I have gone nearly 300 words without mentioning them, but I’m afraid it is unavoidable to leave out a fruitcake from a tea party. Indeed, to the near hysterical delight of UKIP, it also seems that the question of Europe will be near the top of the political agenda in 2015. The problem is, there seems to be near universal confusion (UKIP excluded) as to where a profitable stance is located. Farage is obviously making substantial gains on the issue, but to what extent this is merely a cult of personality, so to speak, blurs the waters where the larger parties are concerned. The likes of Labour cannot benefit hugely from this issue, but they can certainly suffer disastrous losses. As we have seen in the past, Europe is toxic; Labour needs to assume a stance and firmly commit to it, otherwise it could prove a Major electoral nightmare (sorry, the pun was too tempting).
However, as we well know, these next 365 days will not revolve solely around issue-based contests. The Americanization of our political system is more evident than ever; with Obama’s chief election strategists each having picked their dog for the fight. As such- with leader debates now also becoming a firm feature of UK elections- the politics of personality will be more influential than ever. In this scenario, I suspect apathy will be the unwelcome winner. Indeed, we are not experiencing a renaissance of inspiring political leadership; far from it. Political discourse is too often defined by stale soundbites prescribed by backroom spin-doctors, far removed from the passion and spontaneity of day-to-day existence. Yet David Cameron will see himself as having the ascendancy, behind the omnipotent Farage. Ed Miliband will need a character transplant, and Clegg a spine transplant, to come out of any personality encounter unscathed. This could considerably influence the decision of voters on polling day, most of all as to whether to turn up at all.

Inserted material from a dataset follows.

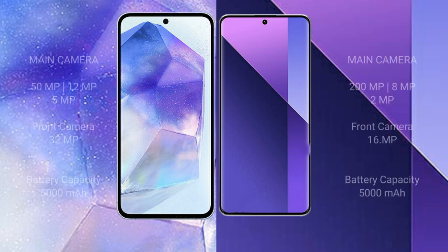The Samsung Galaxy A55 features a triple rear camera setup: 50 megapixel plus 12 megapixel plus 5 megapixel, and a 32 megapixel front camera. The Redmi Note 13 Pro Plus also features a triple rear camera setup: 200 megapixel plus 8 megapixel plus 2 megapixel, and a 16 megapixel front camera.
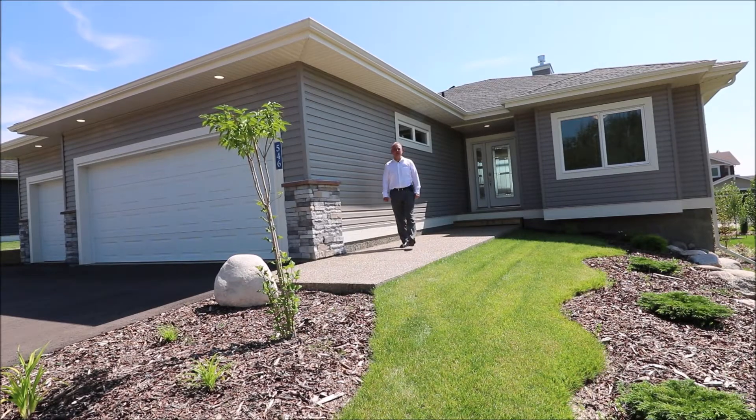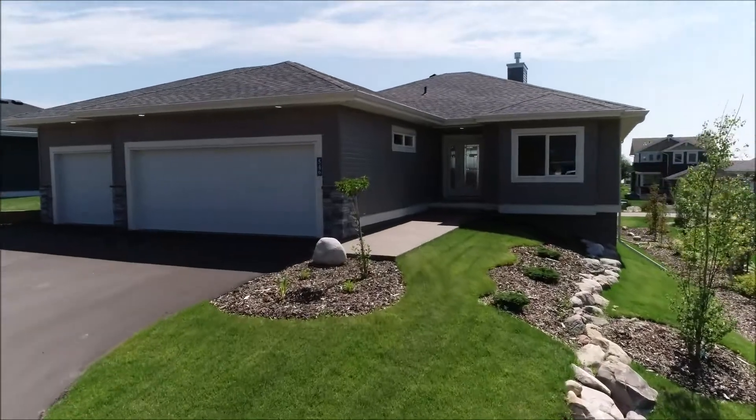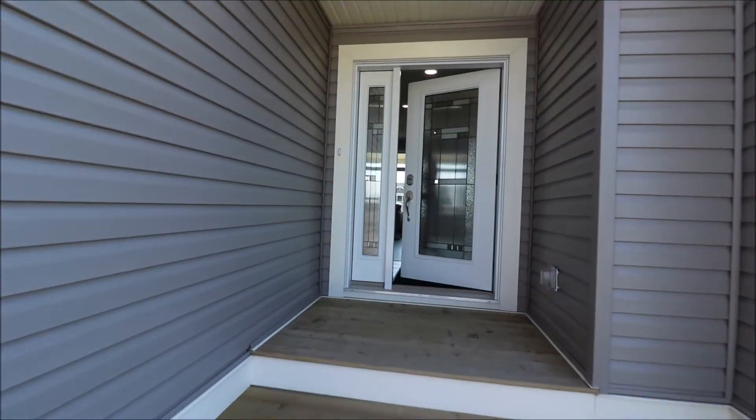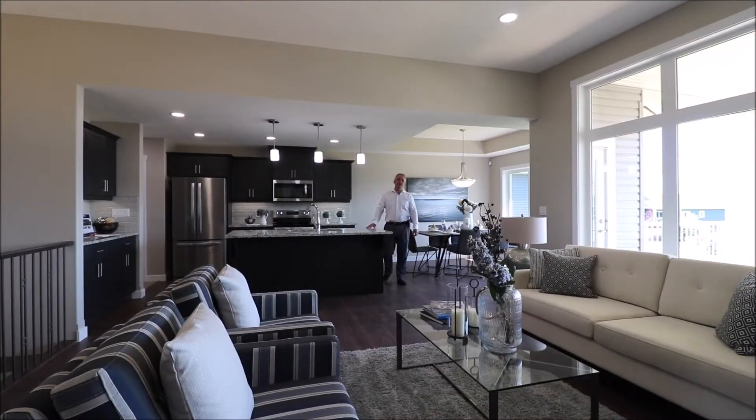Hi, I'm Fred Tremasauza with RE-MAX Real Estate. Welcome to number 546 at the Estates at Water's Edge. This plan is the Maple. This is a fully finished four bedroom walkout bungalow. This one has a triple garage.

So, I feel the time is ripe for a prediction. Well, both Cameron and Miliband have a lot more work to do, in what is a relatively short time period, if they want to saunter into the foyer of 10 Downing Street without the clinging embrace of Nick Clegg. However, if I was to place a risk-free £5 bet on the outcome, I would plump for a slender Labour majority. It is true that they are peddling an increasingly steep course where the economy is concerned, and Ed Miliband’s leadership qualities are unconvincing at best, but his policies strike deep into Lib Dem territory. Thus, when the seemingly inevitable occurs; a Lib Dem electoral collapse, Labour will be waiting at the door with the evicted notice. This, more than anything else, will provide the votes Ed needs to paint Westminster red once again.